Design Draft: Storage Node Graceful Exit

brandon · July 12, 2019, 6:42pm

Hey, everyone! We’re excited to be moving our architecture design doc conversations to the forum! As a Product Manager at Storj Labs, I’m particularly excited to open up our design process to gain community engagement and input. On behalf of everyone, I can say that we’re looking forward to the valuable insights this increased feedback loop between our internal engineering team and our community will bring!

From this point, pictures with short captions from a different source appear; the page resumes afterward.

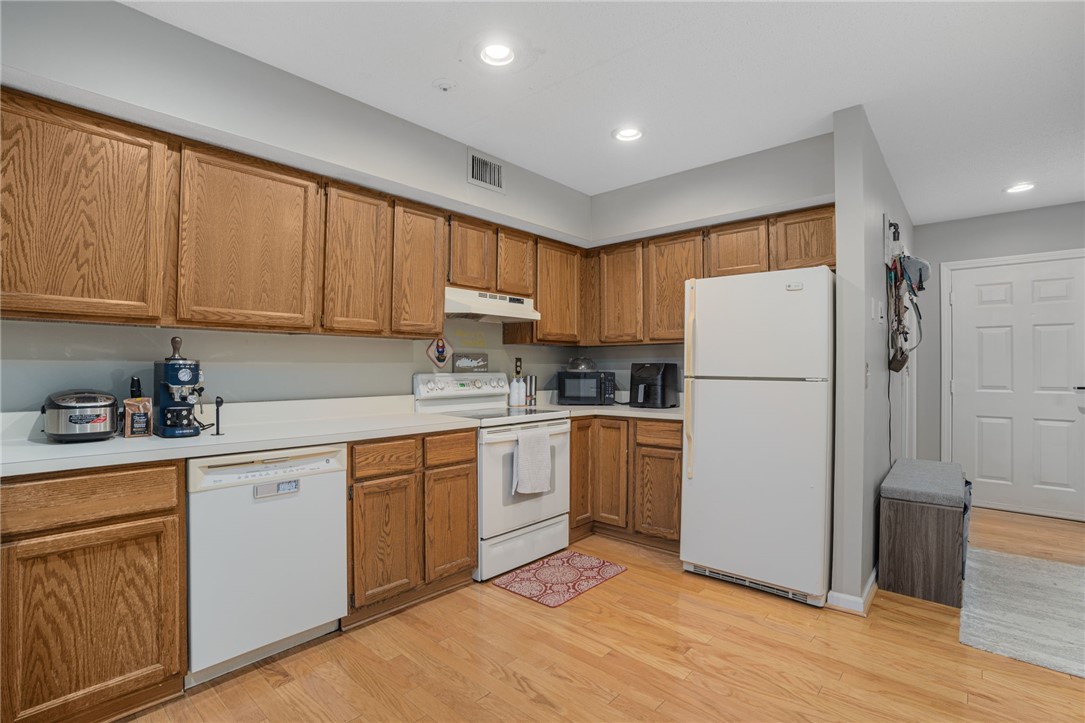 3524 West Shore Road, Unit 505 Warwick, RI 02886 - Photo 7 of 21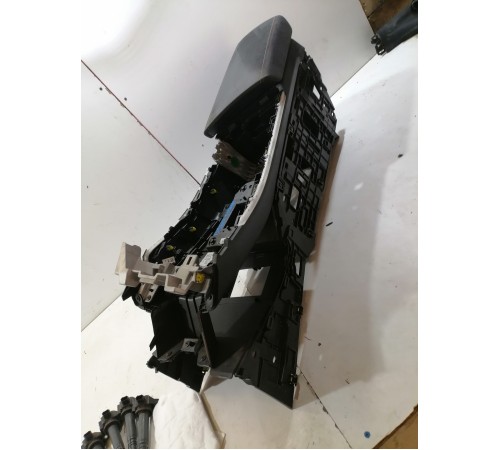 Центральная консоль с подлокотником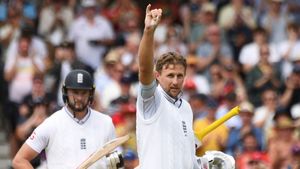 చరిత్ర సృష్టించిన జో రూట్.. ద్రవిడ్ రికార్డు బద్దలు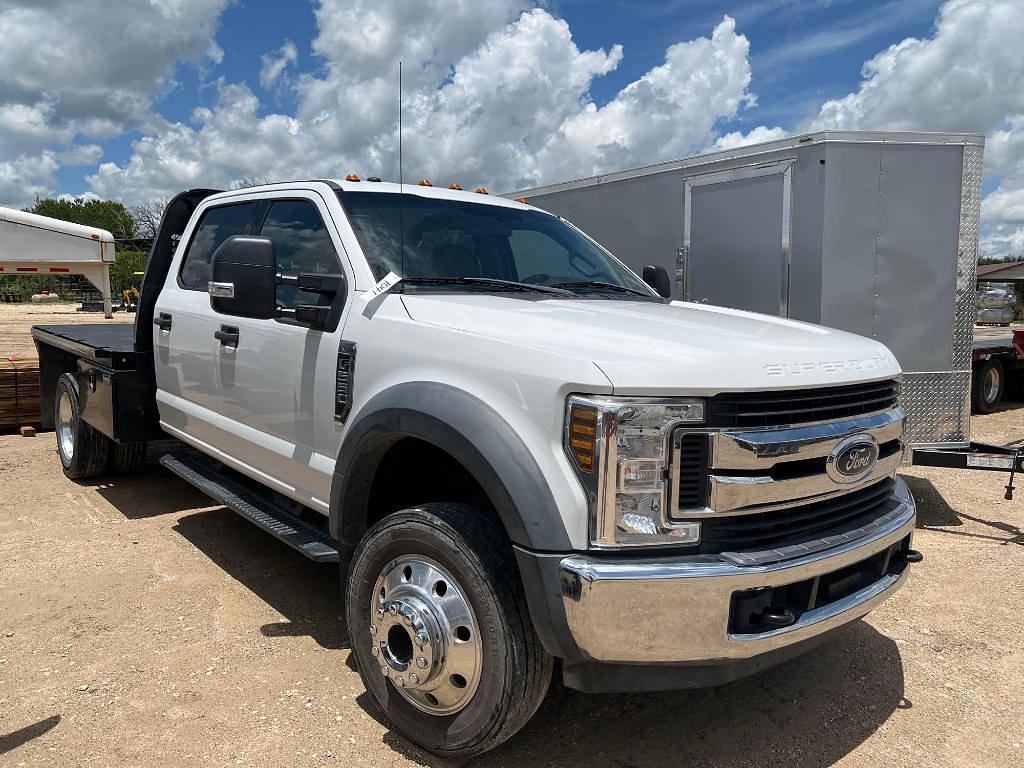 Image of Ford F-550 Primary image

As I mentioned in our townhall here is one of the design drafts we have been working on recently. I would love to hear some feedback on what we have so far!

github.com

storj/storj/blob/3a01106ab4b52f74e5f5c420365fd4a5c46e08d8/docs/design/storagenode-graceful-exit.md

# Storage Node Graceful Exit Design Document


## Overview

When a Storage Node wants to leave the network but does not want to lose their escrow we need to have a mechanism for them to exit the network “gracefully”.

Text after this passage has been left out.